--- ABOUT THIS EXERCISE ---
Would you please set down, word for word, the lines from the one with "On day two, we" through the final line of the data below, omitting any pictures?

--- DATA SUPPLIED ---
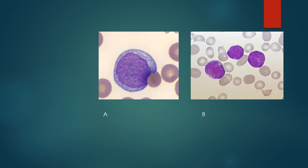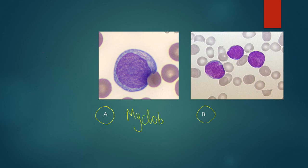This is cell labelled as A and this is cell labelled as B. Cell labelled as A is a myeloblast, whereas cell labelled as B is a lymphoblast.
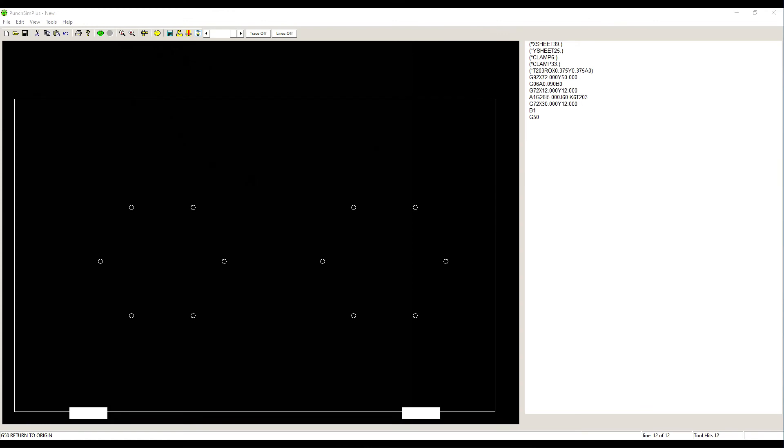If you need more than 5 memory locations, you can always redefine a location. In other words, once A1 has been recalled by B1 all the times we need, we can put another line in A1, and it will replace the previous pattern in that memory.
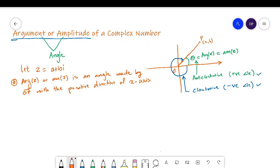Now, how do we find this argument? The argument or amplitude can be found by looking at the complex number — that is, in which quadrant of the complex plane the complex number lies. Accordingly, the value of the argument will be found. Let's look at them one by one.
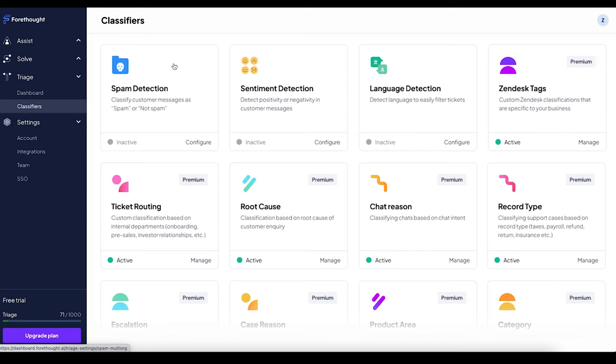You can also build custom classifiers that are unique to your business like urgency detection, CSAT, product feedback, and much more.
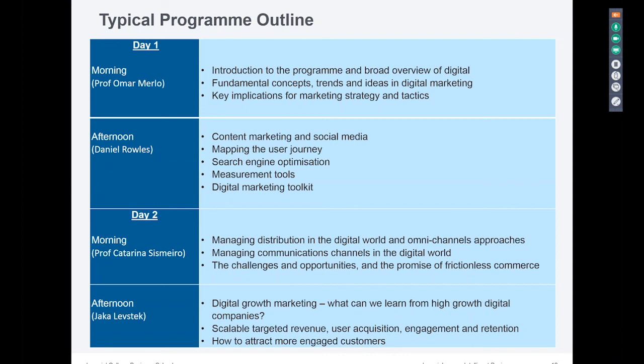On day two, we start with Katarina, who is also a professor at Imperial College Business School. We're going to ask: how do we reach customers effectively using distribution and communications in the world of digital? It's about reaching the customer in the most effective way — how do we create value for them using online channels, and how do we communicate online using digital channels? We look at the challenges and opportunities, including this idea of frictionless e-commerce — the fact that the internet is taking away a lot of complexity and friction from the old world — and how do we maximize that.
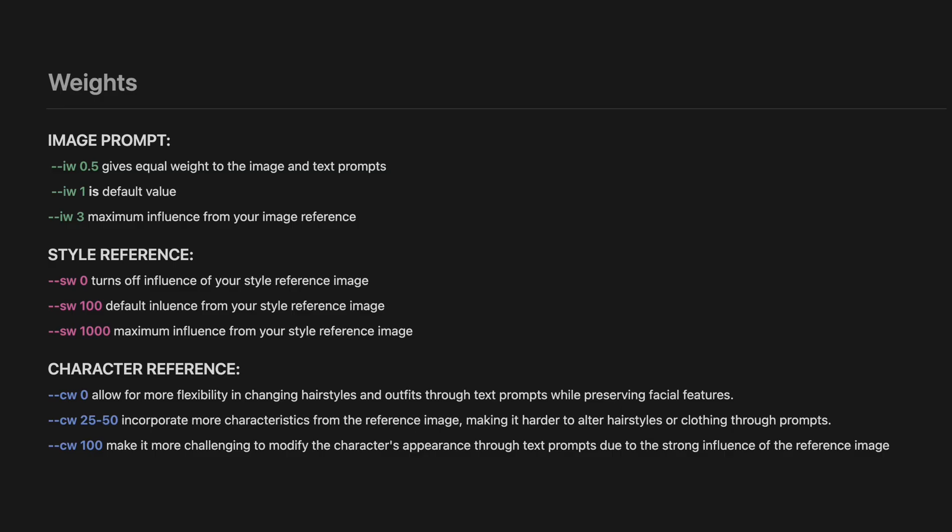You can also adjust image prompt weight, character reference weight, and style reference weight. This means you can decide how strongly you want your character reference to influence your new image and how strongly you want the style reference to be applied. These features have different value ranges and it can get a little confusing, so I'm sharing the ranges with you as future reference.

--- SOLUTION TO THE EXERCISE ---
On day two, we start with Katarina, who is also a professor at Imperial College Business School. We're going to ask: how do we reach customers effectively using distribution and communications in the world of digital? It's about reaching the customer in the most effective way — how do we create value for them using online channels, and how do we communicate online using digital channels? We look at the challenges and opportunities, including this idea of frictionless e-commerce — the fact that the internet is taking away a lot of complexity and friction from the old world — and how do we maximize that.
You can also adjust image prompt weight, character reference weight, and style reference weight. This means you can decide how strongly you want your character reference to influence your new image and how strongly you want the style reference to be applied. These features have different value ranges and it can get a little confusing, so I'm sharing the ranges with you as future reference.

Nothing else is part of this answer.